[Items listed in a dataset]
= Beginning of Section =

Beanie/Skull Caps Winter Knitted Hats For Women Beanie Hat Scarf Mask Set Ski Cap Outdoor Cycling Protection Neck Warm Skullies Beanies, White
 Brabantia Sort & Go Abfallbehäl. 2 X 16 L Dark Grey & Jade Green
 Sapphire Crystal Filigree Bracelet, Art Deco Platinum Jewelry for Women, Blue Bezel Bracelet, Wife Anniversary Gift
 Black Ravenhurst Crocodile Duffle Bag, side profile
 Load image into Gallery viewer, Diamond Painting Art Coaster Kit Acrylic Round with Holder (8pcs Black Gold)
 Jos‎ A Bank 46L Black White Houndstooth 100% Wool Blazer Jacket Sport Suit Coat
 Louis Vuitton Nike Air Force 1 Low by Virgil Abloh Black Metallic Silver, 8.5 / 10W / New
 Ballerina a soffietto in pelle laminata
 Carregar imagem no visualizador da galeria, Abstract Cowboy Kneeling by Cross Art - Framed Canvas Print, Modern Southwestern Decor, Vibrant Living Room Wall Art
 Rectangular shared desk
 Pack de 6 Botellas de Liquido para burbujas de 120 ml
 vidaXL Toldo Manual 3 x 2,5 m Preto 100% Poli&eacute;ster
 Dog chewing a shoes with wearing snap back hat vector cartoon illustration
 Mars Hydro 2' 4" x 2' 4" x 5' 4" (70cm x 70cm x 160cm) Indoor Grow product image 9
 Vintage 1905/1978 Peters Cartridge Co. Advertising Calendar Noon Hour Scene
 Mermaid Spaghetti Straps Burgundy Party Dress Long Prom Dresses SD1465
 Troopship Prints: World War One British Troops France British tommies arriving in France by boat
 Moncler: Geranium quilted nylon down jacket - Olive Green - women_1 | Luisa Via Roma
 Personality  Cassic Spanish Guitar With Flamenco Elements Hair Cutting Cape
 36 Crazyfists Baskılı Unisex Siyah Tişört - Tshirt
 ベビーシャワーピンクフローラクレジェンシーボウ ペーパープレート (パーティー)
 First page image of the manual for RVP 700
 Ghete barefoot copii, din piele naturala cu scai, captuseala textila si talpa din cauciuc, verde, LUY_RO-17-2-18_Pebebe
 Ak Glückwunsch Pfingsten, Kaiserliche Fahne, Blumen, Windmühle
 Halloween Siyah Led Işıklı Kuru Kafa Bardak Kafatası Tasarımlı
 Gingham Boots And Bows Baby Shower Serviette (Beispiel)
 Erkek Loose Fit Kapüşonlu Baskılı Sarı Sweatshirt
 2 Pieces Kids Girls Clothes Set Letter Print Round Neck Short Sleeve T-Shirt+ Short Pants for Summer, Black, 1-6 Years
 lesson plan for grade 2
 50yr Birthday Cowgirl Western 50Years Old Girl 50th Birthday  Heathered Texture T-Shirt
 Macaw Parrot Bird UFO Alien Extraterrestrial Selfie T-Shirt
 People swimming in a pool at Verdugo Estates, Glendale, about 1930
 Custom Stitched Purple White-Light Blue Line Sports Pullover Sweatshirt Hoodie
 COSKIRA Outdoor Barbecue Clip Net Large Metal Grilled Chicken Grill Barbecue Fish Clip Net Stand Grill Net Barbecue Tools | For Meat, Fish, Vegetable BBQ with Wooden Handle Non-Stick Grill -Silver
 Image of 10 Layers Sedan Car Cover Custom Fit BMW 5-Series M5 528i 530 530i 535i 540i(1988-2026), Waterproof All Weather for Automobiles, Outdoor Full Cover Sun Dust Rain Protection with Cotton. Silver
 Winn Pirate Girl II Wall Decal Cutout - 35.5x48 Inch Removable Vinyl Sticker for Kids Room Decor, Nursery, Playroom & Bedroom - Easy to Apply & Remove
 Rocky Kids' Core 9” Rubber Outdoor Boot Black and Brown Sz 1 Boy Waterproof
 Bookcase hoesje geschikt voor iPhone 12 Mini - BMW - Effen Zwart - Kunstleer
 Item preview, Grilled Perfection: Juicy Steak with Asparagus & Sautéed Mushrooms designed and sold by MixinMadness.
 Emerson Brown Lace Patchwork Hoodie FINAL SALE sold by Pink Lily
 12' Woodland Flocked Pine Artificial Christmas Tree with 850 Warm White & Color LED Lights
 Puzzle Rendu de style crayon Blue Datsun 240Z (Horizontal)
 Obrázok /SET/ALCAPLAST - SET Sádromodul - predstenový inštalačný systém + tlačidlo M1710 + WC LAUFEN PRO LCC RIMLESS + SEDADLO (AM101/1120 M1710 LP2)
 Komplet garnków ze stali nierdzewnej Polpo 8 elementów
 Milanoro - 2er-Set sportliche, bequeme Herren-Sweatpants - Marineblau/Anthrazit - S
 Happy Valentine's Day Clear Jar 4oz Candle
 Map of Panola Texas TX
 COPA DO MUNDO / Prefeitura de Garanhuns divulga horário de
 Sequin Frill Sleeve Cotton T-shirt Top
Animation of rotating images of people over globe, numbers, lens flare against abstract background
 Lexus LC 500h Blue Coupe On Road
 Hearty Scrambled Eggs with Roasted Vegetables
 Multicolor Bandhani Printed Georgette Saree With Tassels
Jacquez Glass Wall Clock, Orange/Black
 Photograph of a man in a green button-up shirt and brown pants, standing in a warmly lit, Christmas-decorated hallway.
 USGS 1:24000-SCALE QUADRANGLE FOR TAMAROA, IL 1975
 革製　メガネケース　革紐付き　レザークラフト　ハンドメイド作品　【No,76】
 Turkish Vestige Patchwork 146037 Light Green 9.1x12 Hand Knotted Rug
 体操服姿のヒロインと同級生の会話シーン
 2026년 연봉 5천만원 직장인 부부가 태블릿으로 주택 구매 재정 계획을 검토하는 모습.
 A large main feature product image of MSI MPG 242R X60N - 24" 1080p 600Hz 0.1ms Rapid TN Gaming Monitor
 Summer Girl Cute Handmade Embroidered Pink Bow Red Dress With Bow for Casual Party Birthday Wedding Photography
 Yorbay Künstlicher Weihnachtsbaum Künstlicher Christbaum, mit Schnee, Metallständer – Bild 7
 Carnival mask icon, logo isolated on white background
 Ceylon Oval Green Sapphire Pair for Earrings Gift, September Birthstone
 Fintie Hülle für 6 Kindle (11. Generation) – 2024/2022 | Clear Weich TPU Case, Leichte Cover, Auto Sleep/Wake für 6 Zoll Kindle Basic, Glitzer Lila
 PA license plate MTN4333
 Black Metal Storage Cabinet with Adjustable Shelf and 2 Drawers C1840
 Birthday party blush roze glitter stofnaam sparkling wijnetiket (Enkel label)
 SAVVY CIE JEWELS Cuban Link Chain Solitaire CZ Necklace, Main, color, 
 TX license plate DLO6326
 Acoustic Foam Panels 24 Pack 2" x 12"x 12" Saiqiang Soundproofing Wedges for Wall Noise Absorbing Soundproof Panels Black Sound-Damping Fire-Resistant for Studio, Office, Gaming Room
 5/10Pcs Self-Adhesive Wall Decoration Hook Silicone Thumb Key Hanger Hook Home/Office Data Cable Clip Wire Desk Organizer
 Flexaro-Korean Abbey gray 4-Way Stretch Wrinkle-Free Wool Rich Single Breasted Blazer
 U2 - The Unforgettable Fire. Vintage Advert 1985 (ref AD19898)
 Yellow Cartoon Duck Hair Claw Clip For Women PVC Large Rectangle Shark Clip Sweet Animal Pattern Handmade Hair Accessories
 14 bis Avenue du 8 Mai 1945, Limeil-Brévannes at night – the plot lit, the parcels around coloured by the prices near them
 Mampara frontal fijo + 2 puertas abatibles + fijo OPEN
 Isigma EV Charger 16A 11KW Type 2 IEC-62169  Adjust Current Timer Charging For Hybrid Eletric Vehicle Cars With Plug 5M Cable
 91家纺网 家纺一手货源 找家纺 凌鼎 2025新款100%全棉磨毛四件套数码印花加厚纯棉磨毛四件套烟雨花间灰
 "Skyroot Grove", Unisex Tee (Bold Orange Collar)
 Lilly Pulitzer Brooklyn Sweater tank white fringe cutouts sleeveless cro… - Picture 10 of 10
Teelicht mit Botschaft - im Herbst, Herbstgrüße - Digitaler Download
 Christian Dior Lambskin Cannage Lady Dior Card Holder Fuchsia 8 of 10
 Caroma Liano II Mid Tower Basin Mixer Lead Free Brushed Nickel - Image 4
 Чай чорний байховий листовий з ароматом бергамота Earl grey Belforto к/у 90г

= End of Section =

Reproduce, character for character, only the lines of the preceding data that start at the line with "Fintie Hülle für" and end at the line with "Flexaro-Korean Abbey gray", both included.

• _SOLUTION FOR THIS EXERCISE_
 Fintie Hülle für 6 Kindle (11. Generation) – 2024/2022 | Clear Weich TPU Case, Leichte Cover, Auto Sleep/Wake für 6 Zoll Kindle Basic, Glitzer Lila
 PA license plate MTN4333
 Black Metal Storage Cabinet with Adjustable Shelf and 2 Drawers C1840
 Birthday party blush roze glitter stofnaam sparkling wijnetiket (Enkel label)
 SAVVY CIE JEWELS Cuban Link Chain Solitaire CZ Necklace, Main, color, 
 TX license plate DLO6326
 Acoustic Foam Panels 24 Pack 2" x 12"x 12" Saiqiang Soundproofing Wedges for Wall Noise Absorbing Soundproof Panels Black Sound-Damping Fire-Resistant for Studio, Office, Gaming Room
 5/10Pcs Self-Adhesive Wall Decoration Hook Silicone Thumb Key Hanger Hook Home/Office Data Cable Clip Wire Desk Organizer
 Flexaro-Korean Abbey gray 4-Way Stretch Wrinkle-Free Wool Rich Single Breasted Blazer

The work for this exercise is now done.